=== Supplied records ===
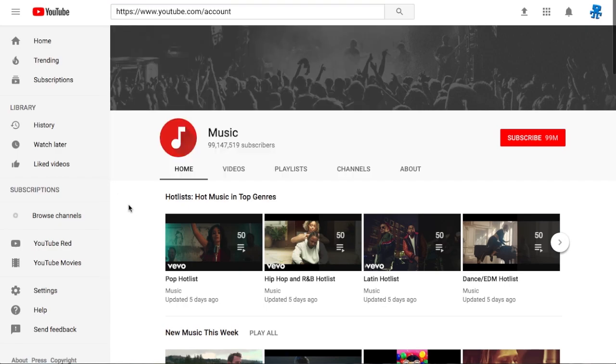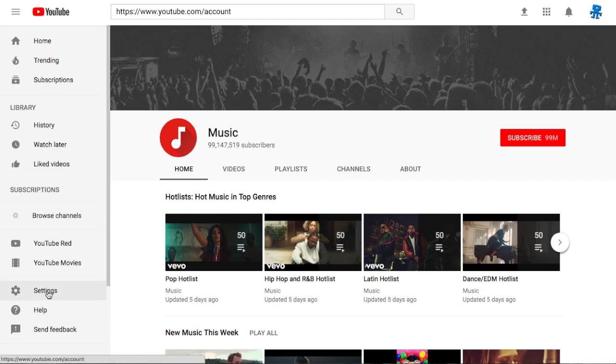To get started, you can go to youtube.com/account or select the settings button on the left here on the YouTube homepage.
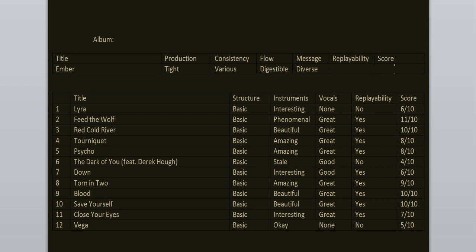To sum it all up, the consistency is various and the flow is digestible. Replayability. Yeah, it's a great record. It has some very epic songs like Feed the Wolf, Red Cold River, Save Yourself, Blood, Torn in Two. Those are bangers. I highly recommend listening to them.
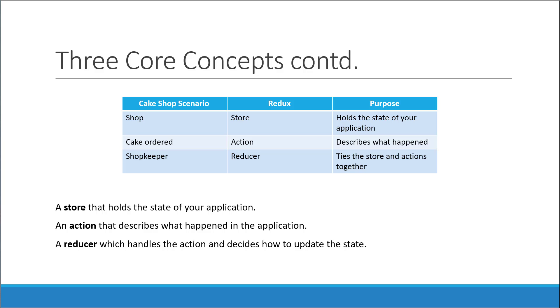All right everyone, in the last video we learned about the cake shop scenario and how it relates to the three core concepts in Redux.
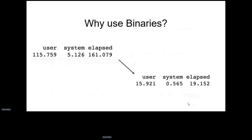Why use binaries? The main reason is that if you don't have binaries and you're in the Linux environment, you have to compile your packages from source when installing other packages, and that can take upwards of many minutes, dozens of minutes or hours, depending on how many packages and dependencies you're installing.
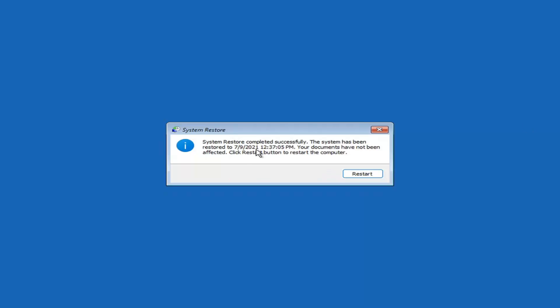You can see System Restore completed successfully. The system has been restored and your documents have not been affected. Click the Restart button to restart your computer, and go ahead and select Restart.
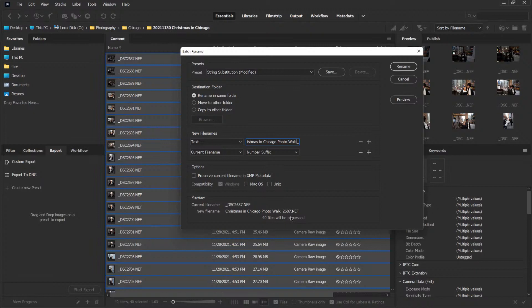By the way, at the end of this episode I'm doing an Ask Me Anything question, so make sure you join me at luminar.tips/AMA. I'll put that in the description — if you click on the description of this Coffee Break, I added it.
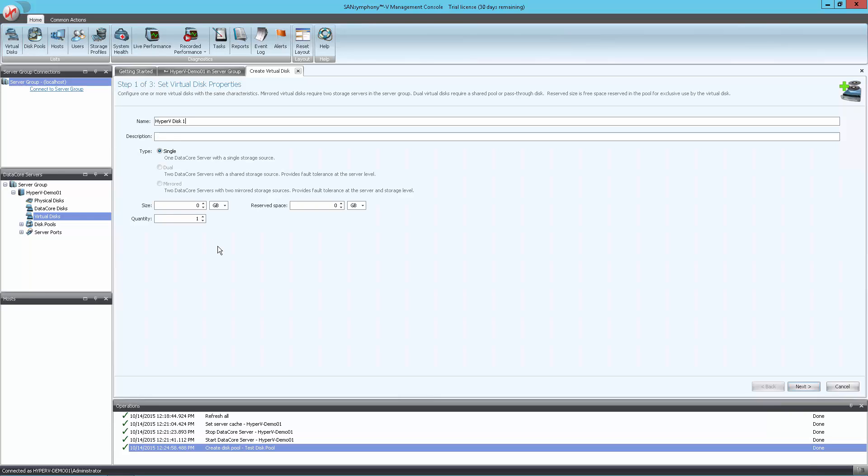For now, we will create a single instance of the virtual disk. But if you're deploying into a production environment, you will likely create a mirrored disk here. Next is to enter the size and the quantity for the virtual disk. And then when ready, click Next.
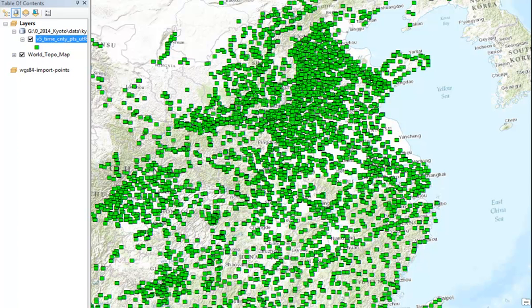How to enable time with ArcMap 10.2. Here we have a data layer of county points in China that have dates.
===
=== Supplied records ===
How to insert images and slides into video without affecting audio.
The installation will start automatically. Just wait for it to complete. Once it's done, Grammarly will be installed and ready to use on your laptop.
===
• _Requirement_
Using the data above, print only the lines starting at the one with "For now, we" and ending at the one with "How to enable", exactly as they stand, minus the pictures.

• _Response box_
For now, we will create a single instance of the virtual disk. But if you're deploying into a production environment, you will likely create a mirrored disk here. Next is to enter the size and the quantity for the virtual disk. And then when ready, click Next.
How to enable time with ArcMap 10.2. Here we have a data layer of county points in China that have dates.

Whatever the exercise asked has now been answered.